Nomad Autoscaler brings autoscaling to your Nomad workloads.

Mozilla Public License 2.0

427 stars 84 forks source link

Add ability to have different CoolUp vs CoolDown timeouts #272

Open urjitbhatia opened 4 years ago

urjitbhatia commented 4 years ago

Hi guys,

In our home-grown autoscaler, we have different cooldown policies for scaling up v/s down allowing our services to respond to rapid traffic spikes by scaling up much more aggressively than scaling down.

By having a single value, an autoscaler will be forced to flip-flop more when the resource consumption is right around the edge since users are forced to use a shorter cooldown to account for fast scale-ups. What do you guys think? Happy to send a quick PR if there is any appetite for this.

cgbaker commented 4 years ago

hi @urjitbhatia , this sounds good to me! we'll put this on the list of features, and we would definitely consider a PR on this. thanks for your suggestion!

lgfa29 commented 4 years ago

Hi @urjitbhatia,

That's a good point and something we have plans to fix. The biggest issue right now is that when a cooldown is triggered the goroutine that tracks the policy is blocked, so even if a load increase happens there's nothing looking for it. There's also no way right to "wake up" the policy handler apart from shutting it down.

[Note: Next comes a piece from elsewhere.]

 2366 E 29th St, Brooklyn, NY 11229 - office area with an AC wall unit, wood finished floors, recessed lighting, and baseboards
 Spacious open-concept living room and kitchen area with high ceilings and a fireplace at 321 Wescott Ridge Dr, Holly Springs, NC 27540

We will refactor the entire policy evaluation flow in a way that allows for this (and other) capabilities to be easily added, including different strategies to avoid count flapping.

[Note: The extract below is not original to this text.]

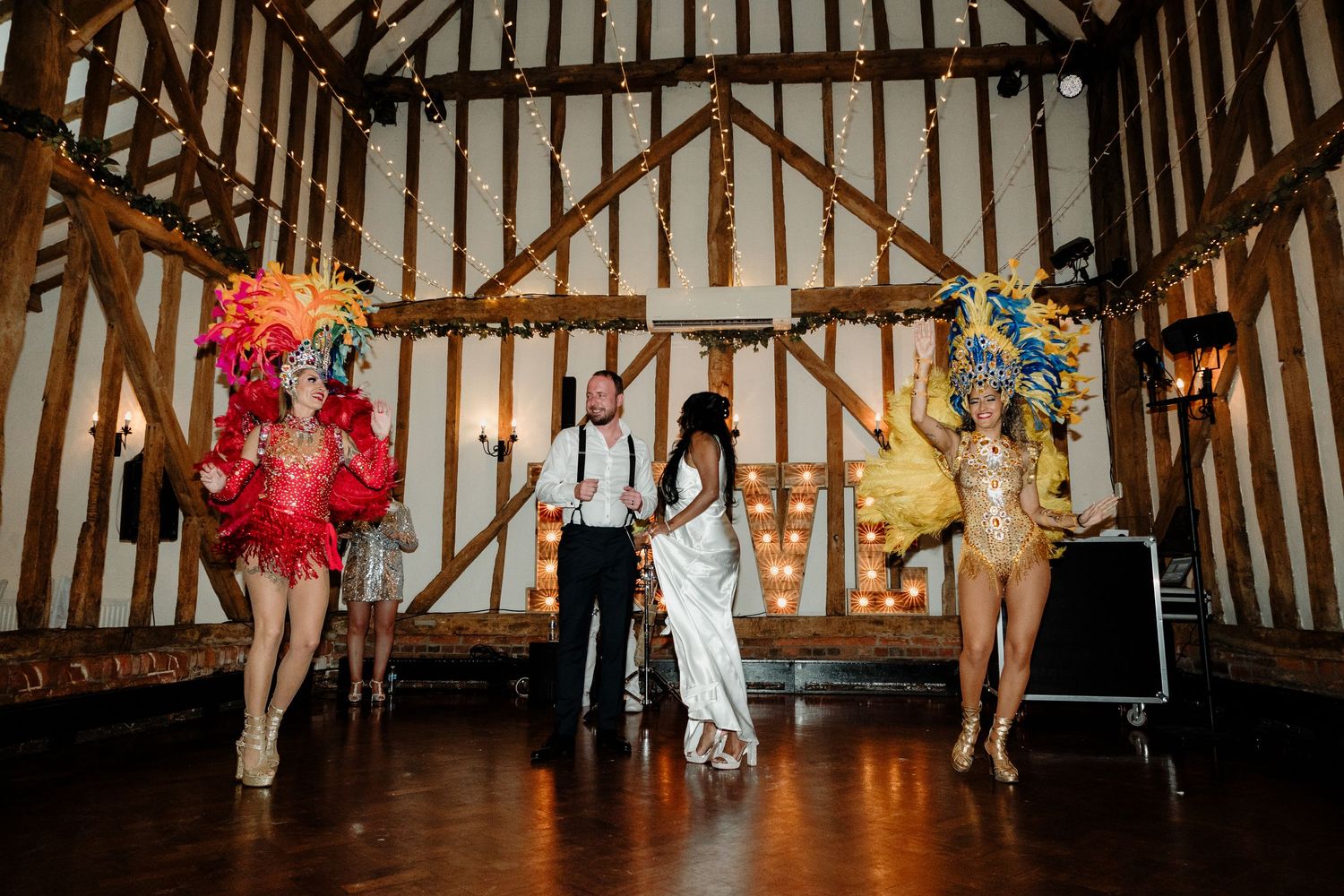A wedding reception scene with performers in colorful costumes in a rustic wooden barn.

But as @cgbaker mentioned, we would gladly consider a PR if you find a quick fix. I would just not try too hard right now as better things are coming 😄

elcomtik commented 2 years ago

any news?

lgfa29 commented 2 years ago

any news?

No updates on this yet unfortunately. The improvement that I mentioned before turned out to be a bit more complex than we expected so it hasn't been implemented yet.

the-maldridge commented 2 years ago

This bit me earlier today. Is there a recommended way to do horizontal cluster scaling until this is fixed? Without this you wind up with either a cluster that has no capacity for an extended period of time, or one that thrashes machines.

lgfa29 commented 2 years ago

This bit me earlier today. Is there a recommended way to do horizontal cluster scaling until this is fixed? Without this you wind up with either a cluster that has no capacity for an extended period of time, or one that thrashes machines.

@the-maldridge I can't think of anything in particular that would help with this 😞

I will try to revisit this in the coming days. The first problem is that the cooldown is checked inadvertently in a few places, so there's an unfortunate dynamic on how the sub-components interact with it.

Eyald6 commented 1 year ago

Any updates? Would really like to see this feature implemented, as scaling-up should be top priority, even if we scaled down recently

jrasell commented 1 year ago

Hi @Eyald6, no updates currently. When we do have one, the engineer assigned will respond to this issue and assign themself.

peter-lockhart-pub commented 8 months ago

Is there a way of tracking how 1 feature is prioritised over another? I would also love this feature but it has been approved for 3 years now. Scaling out on AWS instances can be quite slow (taking e.g. 12 minutes to boot a G instance) but terminating an instance via the autoscaler can be really quick (just a few minutes). Add on with our infrastructure we work with some large Unreal engine/windows containers and the boot times can be 20-30 minutes. Having a scaling policy use the slowest value (the scale out timeout) makes scaling hard/wasteful as you have to be more conservative

Jamesits commented 7 months ago

Is there any progress on this issue? We are heavily blocked by this issue during a transition to Nomad.